The Unauthorized Glossary

Welcome to the ever-growing list of brewing terms I use in this blog.

Warning: These definitions will most certainly be not-so-standard. Don't use them on your beer-brewing vocab test. You'll flunk, for sure.



aeration: Just like you aerate your fish tank to add oxygen to the water for the fishies. In this case, though, you're adding oxygen to your beer so that the yeasties have an air-rich environment to thrive in. Makes them eat more. And multiply. And then they fart CO2 and pee alcohol. Best waste products ever.

bottle-conditioning: The brewing phase during which your beer goes from flat to fizzy. On bottling day, you mix your fermented beer with a bit of extra sugar and then bottle/keg your beer. Over the next two weeks, the yeast that's still hanging out in the beer eats that sugar and produces carbon dioxide, which carbonates your beer. Note for the impatient: I've never waited two weeks. I always bust one (at least) open after one week in the bottle. Never had a problem.

dry-hopping: A way to make beer with a lot of hoppy flavors and bitterness even hoppier. Usually, hops are added to the boil when you're preparing the beer. But with a beer that's dry-hopped, you add even more hops to the fermenter itself. So, you get hops in the boil, and then the beer sits for a week on top of even more hops. If hops = goodness, then a dry-hopped beer = ridiculously yummy greatness!

gravity: Oh, yes...it's just that serious. Reading the "gravity" of your beer tells you two things: 1) how much sugar is in your beer before you ferment it (original gravity, or OG), and 2) how much sugar is in the beer after you ferment it (final gravity, or FG). And with those two numbers and a bit of math [(OG-FG) * 131.25], you can find out how much alcohol is in your beer. And who wouldn't want to know that?
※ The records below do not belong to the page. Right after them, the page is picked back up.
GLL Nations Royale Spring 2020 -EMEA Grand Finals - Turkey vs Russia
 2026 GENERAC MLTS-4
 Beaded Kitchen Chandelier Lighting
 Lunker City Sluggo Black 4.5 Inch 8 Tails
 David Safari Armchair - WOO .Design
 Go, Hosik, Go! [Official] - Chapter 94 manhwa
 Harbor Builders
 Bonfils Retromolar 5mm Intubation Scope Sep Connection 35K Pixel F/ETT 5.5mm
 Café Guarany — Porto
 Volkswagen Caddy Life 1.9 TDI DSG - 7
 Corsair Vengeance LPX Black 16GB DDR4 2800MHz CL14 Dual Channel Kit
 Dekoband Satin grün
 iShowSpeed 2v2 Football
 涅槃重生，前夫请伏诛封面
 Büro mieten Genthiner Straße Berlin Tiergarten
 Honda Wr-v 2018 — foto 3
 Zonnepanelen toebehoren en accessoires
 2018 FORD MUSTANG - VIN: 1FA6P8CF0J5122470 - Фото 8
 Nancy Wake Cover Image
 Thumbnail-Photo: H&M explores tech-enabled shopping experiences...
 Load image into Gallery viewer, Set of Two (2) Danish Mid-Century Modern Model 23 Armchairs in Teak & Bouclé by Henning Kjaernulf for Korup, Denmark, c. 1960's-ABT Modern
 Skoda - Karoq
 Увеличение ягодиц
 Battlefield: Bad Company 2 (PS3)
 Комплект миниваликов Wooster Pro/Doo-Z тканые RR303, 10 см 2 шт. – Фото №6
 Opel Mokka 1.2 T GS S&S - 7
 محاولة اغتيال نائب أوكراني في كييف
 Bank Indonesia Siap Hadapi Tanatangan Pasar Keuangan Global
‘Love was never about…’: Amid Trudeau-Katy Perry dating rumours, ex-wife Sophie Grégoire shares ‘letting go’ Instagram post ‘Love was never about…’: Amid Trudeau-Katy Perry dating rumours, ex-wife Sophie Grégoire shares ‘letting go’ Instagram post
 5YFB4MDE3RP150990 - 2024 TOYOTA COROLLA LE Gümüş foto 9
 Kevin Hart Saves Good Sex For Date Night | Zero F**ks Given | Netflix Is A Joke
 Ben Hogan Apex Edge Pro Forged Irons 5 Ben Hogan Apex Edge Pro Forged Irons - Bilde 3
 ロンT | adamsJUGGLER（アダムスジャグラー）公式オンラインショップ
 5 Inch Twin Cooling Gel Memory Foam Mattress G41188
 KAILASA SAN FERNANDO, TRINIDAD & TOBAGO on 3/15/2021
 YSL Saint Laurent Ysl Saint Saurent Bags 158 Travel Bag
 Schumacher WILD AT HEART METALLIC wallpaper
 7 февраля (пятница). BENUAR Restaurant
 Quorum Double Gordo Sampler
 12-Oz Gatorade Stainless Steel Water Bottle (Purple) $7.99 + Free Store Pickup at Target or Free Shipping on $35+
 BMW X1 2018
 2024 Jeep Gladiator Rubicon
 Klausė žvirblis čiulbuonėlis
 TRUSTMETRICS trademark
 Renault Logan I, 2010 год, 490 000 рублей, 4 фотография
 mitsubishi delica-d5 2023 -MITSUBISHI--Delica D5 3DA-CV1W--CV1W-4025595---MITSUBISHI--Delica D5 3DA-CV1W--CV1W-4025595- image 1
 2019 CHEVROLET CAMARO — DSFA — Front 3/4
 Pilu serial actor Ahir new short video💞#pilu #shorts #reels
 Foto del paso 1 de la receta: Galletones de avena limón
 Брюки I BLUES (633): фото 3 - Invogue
pitched: Used in reference to what you do with your yeast. It's a brew-speak word that means "added." When you add yeast to your beer to ferment it, you "pitch the yeast." Makes us sound all sporty-like.

racked: No, it doesn't refer to boobs or balls. It's the brew-speak word that means "transfer." Used in a sentence, it goes like this: "Yesterday we racked the beer from the primary fermenter to the secondary fermenter." Sounds like you did something really awesome, huh? Yeah, that's what we're going for.

wort: Pronounced "wert." This is your unfermented beer. It's warm. It's flat. It's sugary and syrupy. And drinking it won't get you drunk, although drink enough of it and you may just puke. If you want, you can taste it to sort of get a sense of your final beer's flavor, but not really. Some people (like me) think it smells really good. Other people think it smells like feet. To each his own.